[Work instruction] Word for word, output every line of the material below, minus pictures.

[Data excerpt]
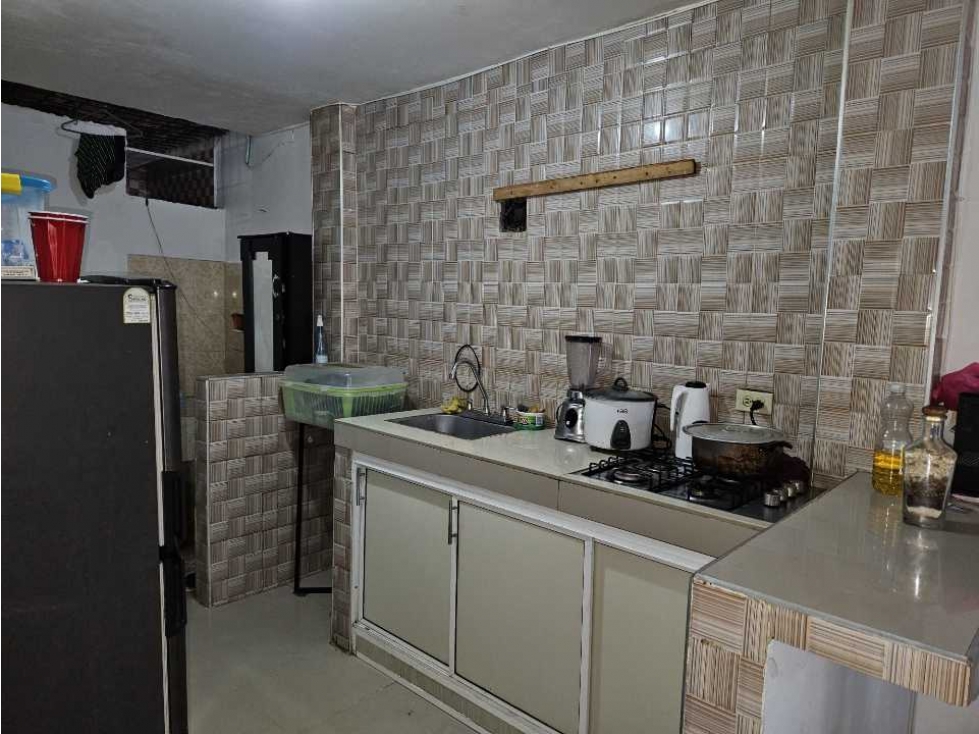 VENDO CASA EN JAMUNDI  CON PLANCHA TECHADA (K.T) CW:6906116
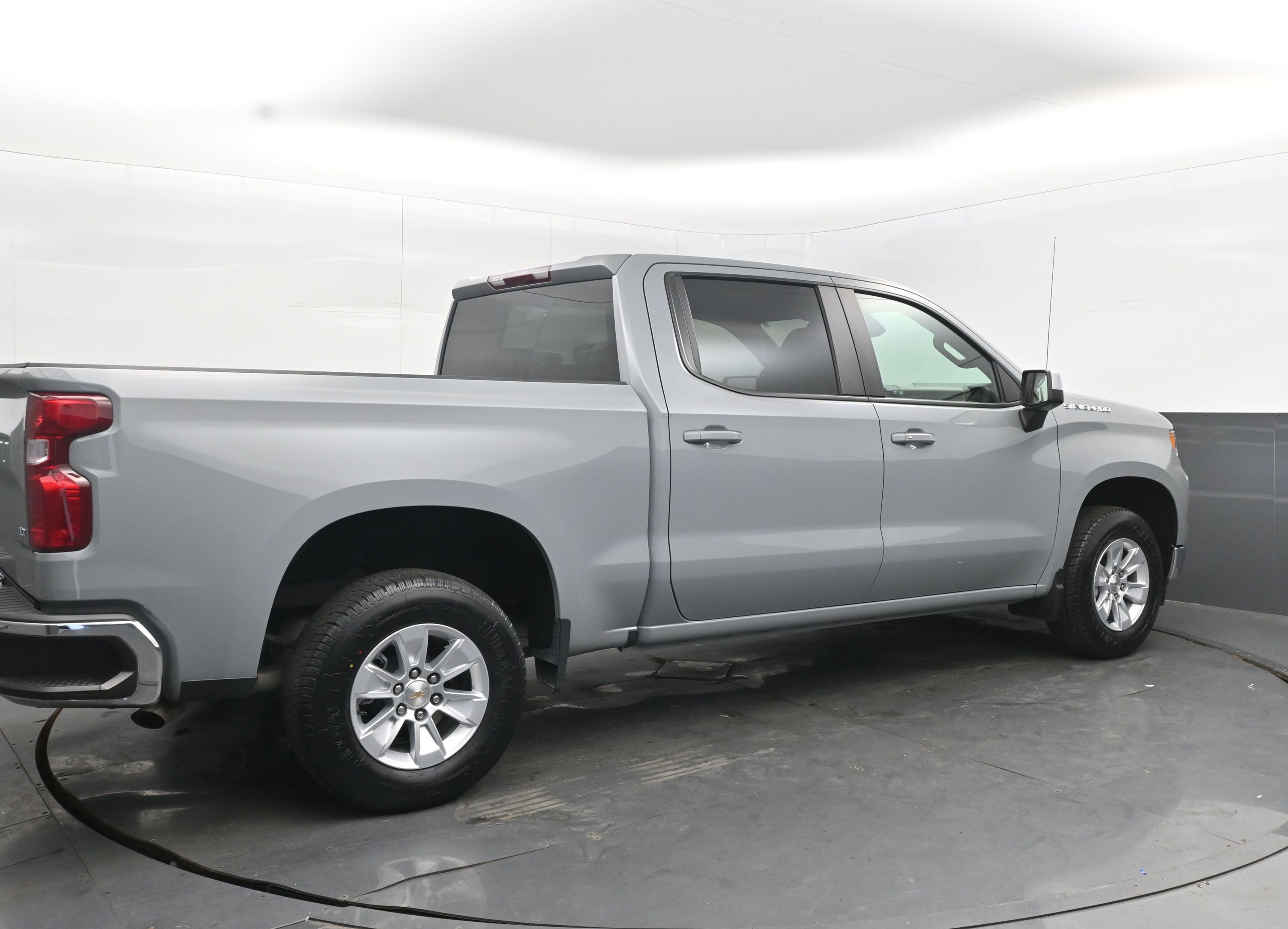 Used 2024 Chevrolet Silverado 1500 LT w/ Protection Package image 9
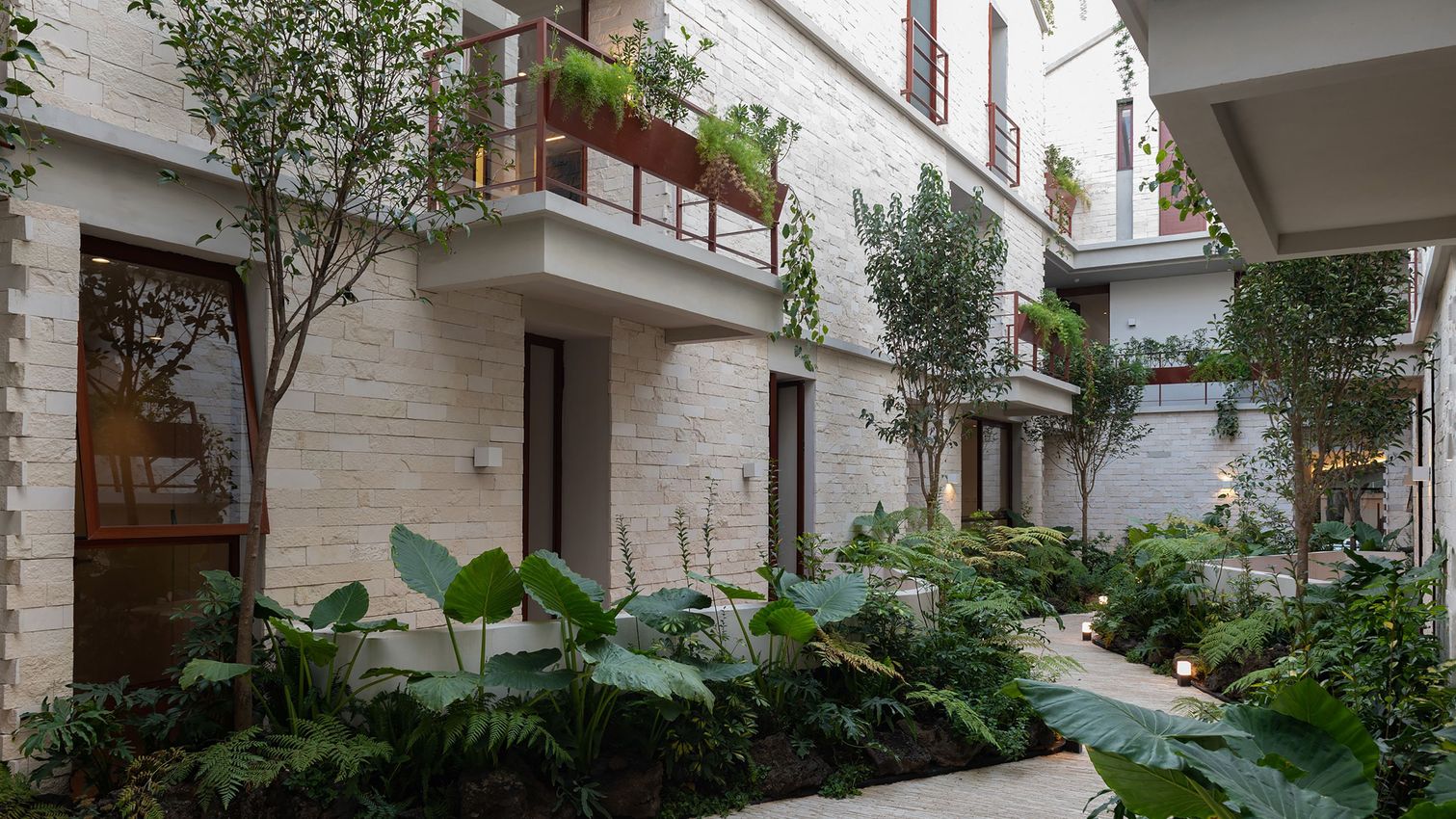 Casa Vecina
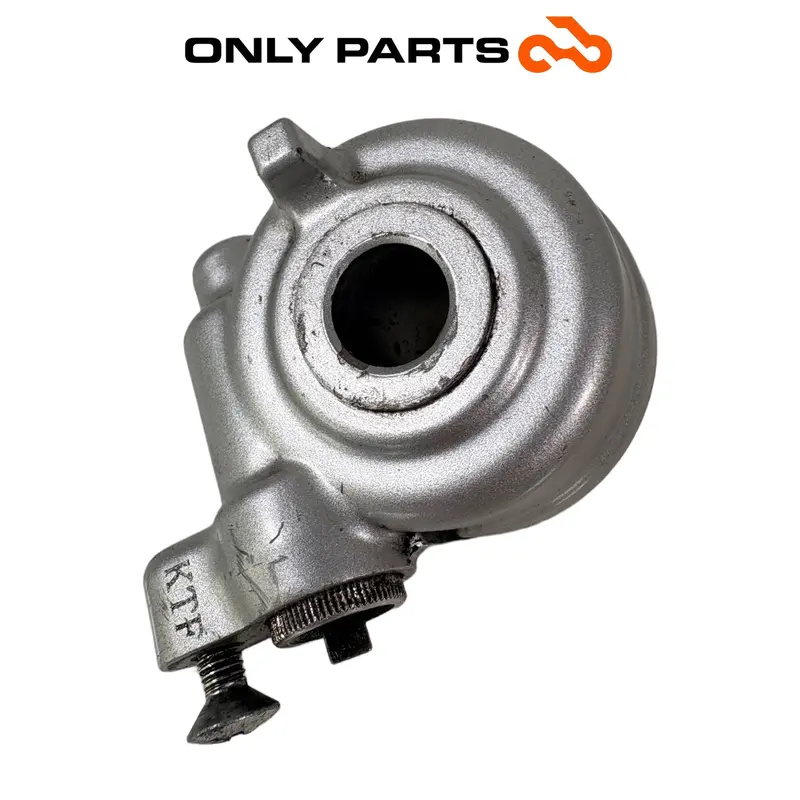 RINVIO INGRANAGGIO CONTACHILOMETRI RUOTA HONDA SH 150 2008 / SPEEDO DRIVE GEAR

[Reply to the exercise]
 VENDO CASA EN JAMUNDI  CON PLANCHA TECHADA (K.T) CW:6906116
 Used 2024 Chevrolet Silverado 1500 LT w/ Protection Package image 9
 Casa Vecina
 RINVIO INGRANAGGIO CONTACHILOMETRI RUOTA HONDA SH 150 2008 / SPEEDO DRIVE GEAR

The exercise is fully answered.